#### [WORK TASK]
From the records below, transcribe only the lines running from the one with "Graduate student Marina" through the one with "protein puppy chow". Keep both of those end lines.

#### [THE DATA]

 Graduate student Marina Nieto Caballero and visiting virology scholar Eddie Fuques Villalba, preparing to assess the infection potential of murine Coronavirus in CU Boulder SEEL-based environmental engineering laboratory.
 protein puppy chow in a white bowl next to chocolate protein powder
---
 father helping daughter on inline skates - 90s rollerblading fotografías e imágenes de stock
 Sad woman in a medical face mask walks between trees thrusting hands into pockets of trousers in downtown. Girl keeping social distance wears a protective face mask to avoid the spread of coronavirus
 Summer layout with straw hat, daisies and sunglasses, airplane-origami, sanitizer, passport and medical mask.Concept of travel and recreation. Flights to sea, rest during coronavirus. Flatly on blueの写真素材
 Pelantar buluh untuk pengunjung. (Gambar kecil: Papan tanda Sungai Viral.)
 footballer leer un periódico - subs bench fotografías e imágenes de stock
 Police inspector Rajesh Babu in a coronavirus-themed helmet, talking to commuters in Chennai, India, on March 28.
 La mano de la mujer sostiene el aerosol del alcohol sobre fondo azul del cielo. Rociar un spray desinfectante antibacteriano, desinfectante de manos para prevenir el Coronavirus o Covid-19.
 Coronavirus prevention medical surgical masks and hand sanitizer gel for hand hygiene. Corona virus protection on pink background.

#### [EXERCISE RESULT]
 Graduate student Marina Nieto Caballero and visiting virology scholar Eddie Fuques Villalba, preparing to assess the infection potential of murine Coronavirus in CU Boulder SEEL-based environmental engineering laboratory.
 protein puppy chow in a white bowl next to chocolate protein powder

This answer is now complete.